WHAT TO PRODUCE. Transcribe each record precisely; images stay out.

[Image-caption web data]
# # # # # # #

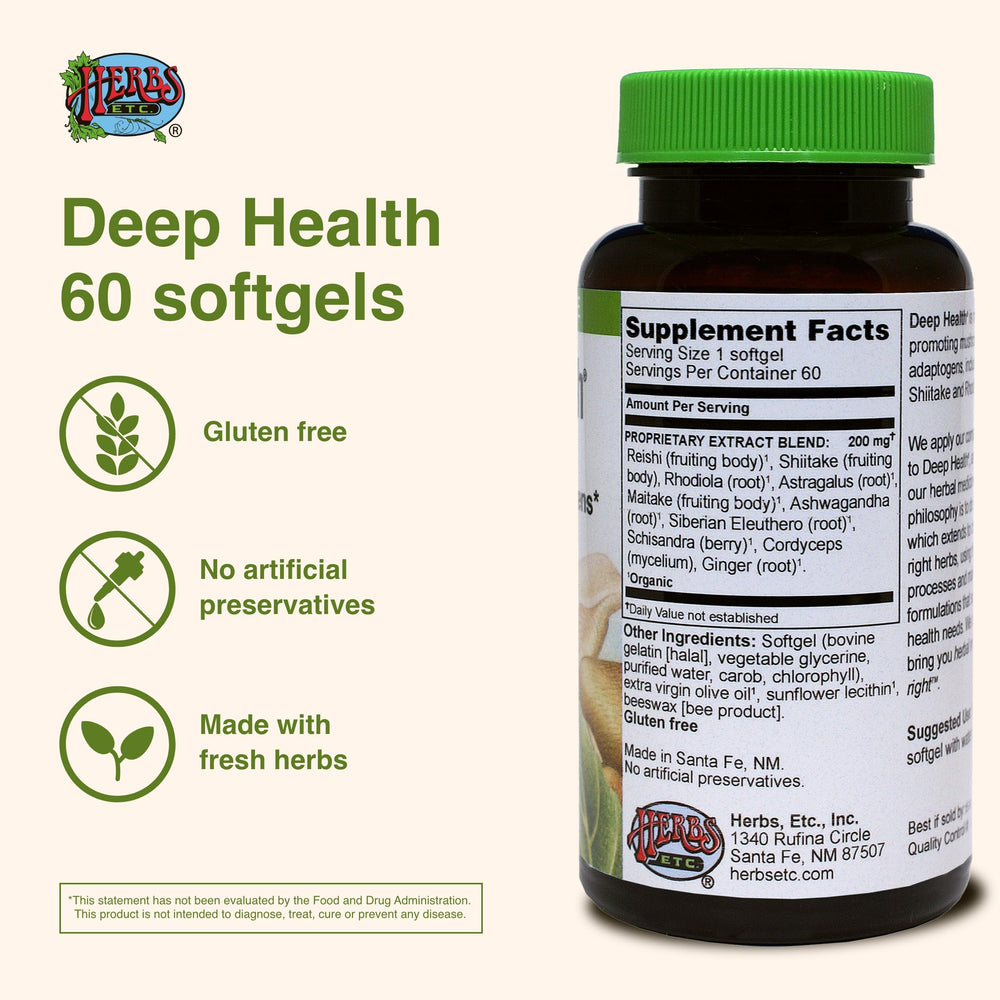 Herbs Etc. Deep Health gluten-free label emphasizing clean herbal supplement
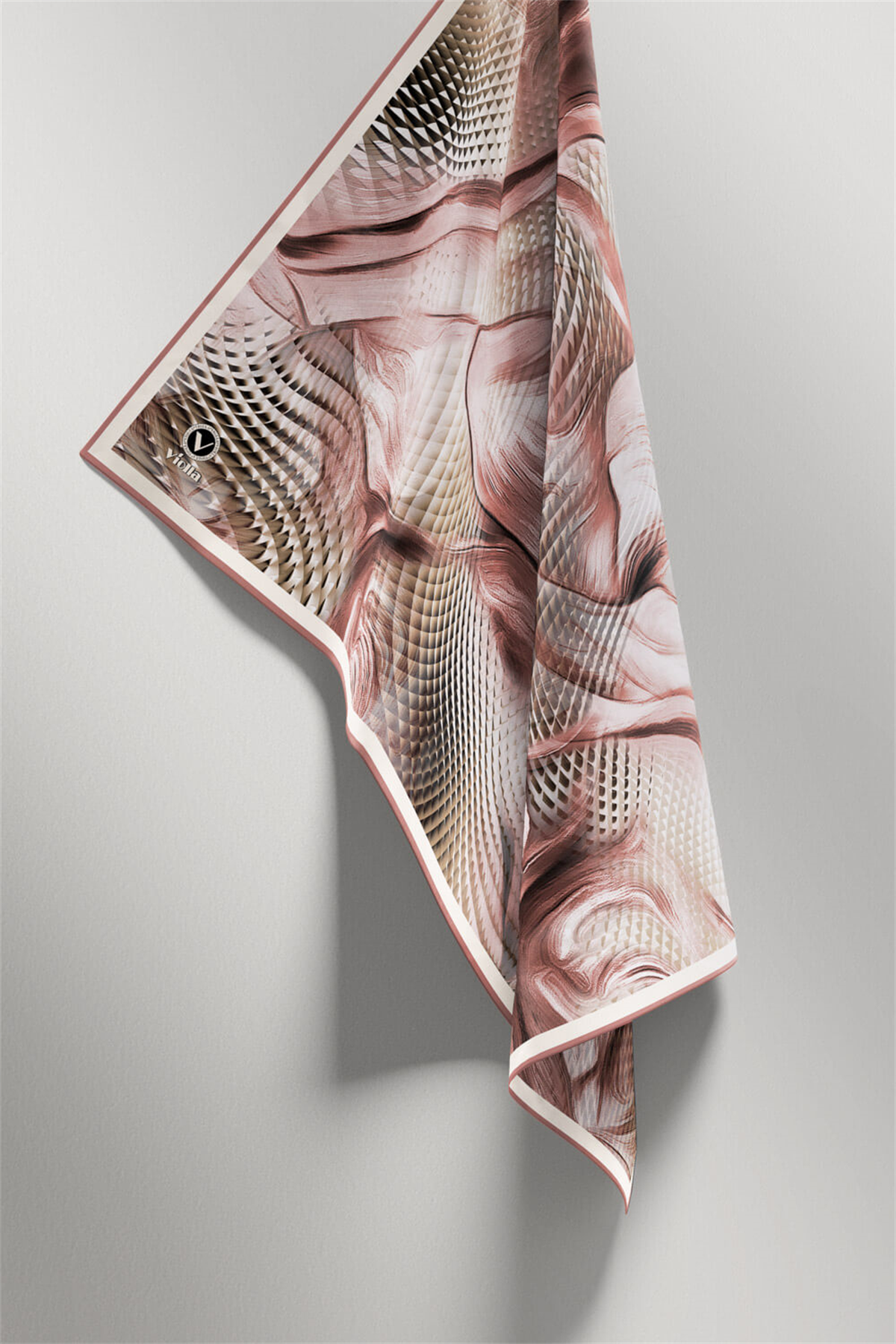 Twill Geometrik Ve Dalga Desenli Pudra Renkli 90x90 Eşarp (İpek İçermez) Dikim Şekli : El Dikişi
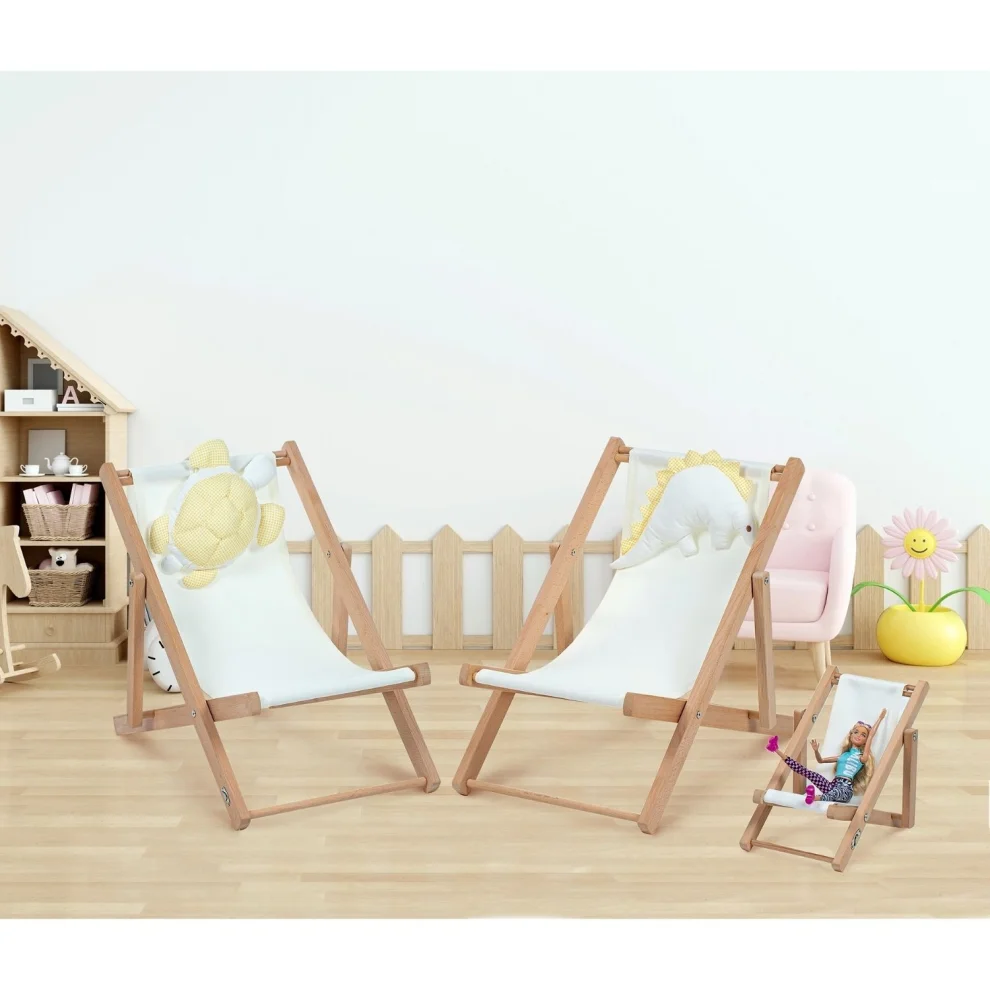 Dino Kids Furniture - Tasarımcı Oyunu Natürel Ahşap Oyuncak Bebek Koltuğu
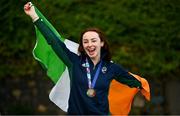 27 April 2024; Ellen Keane of Ireland with her silver medal from the Women's 100m Breaststroke SB8 Final during day seven of the Para Swimming European Championships at the Penteada Olympic Pools Complex in Funchal, Portugal. Photo by Ramsey Cardy/Sportsfile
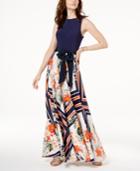 I.n.c. Colorblocked Tie-waist Dress, Created For Macy's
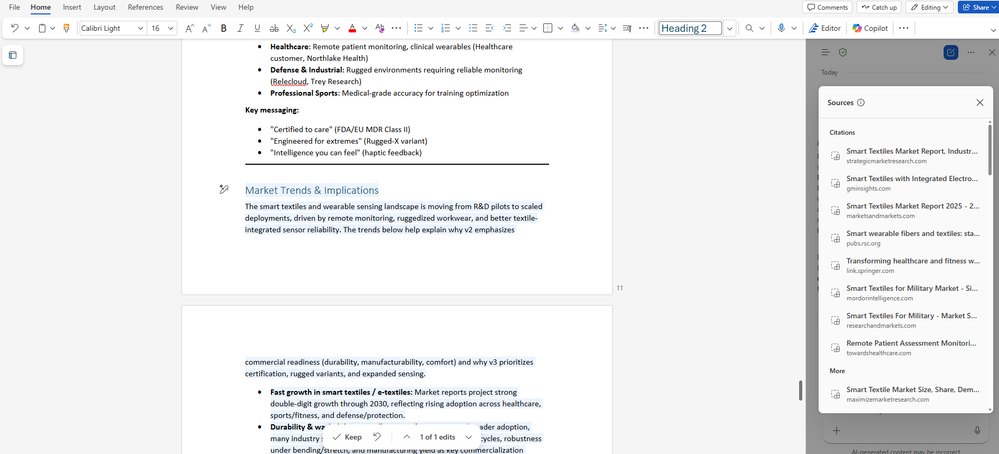 Copilot showing citations for a new section in the document.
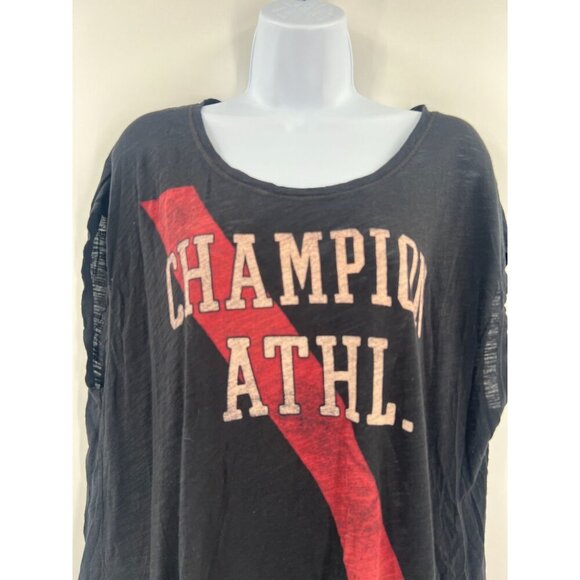 Todd Snyder Champion L Muscle Tee Supima Modal Black Red Graphic 90s - Picture 9 of 10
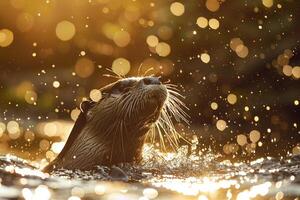 Playful Otters in Sunlit Stream with Sparkling Water Background in Nature photo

# # # # # # #

WRITTEN RESPONSE.
 Herbs Etc. Deep Health gluten-free label emphasizing clean herbal supplement
 Twill Geometrik Ve Dalga Desenli Pudra Renkli 90x90 Eşarp (İpek İçermez) Dikim Şekli : El Dikişi
 Dino Kids Furniture - Tasarımcı Oyunu Natürel Ahşap Oyuncak Bebek Koltuğu
 27 April 2024; Ellen Keane of Ireland with her silver medal from the Women's 100m Breaststroke SB8 Final during day seven of the Para Swimming European Championships at the Penteada Olympic Pools Complex in Funchal, Portugal. Photo by Ramsey Cardy/Sportsfile
 I.n.c. Colorblocked Tie-waist Dress, Created For Macy's
 Copilot showing citations for a new section in the document.
 Todd Snyder Champion L Muscle Tee Supima Modal Black Red Graphic 90s - Picture 9 of 10
 Playful Otters in Sunlit Stream with Sparkling Water Background in Nature photo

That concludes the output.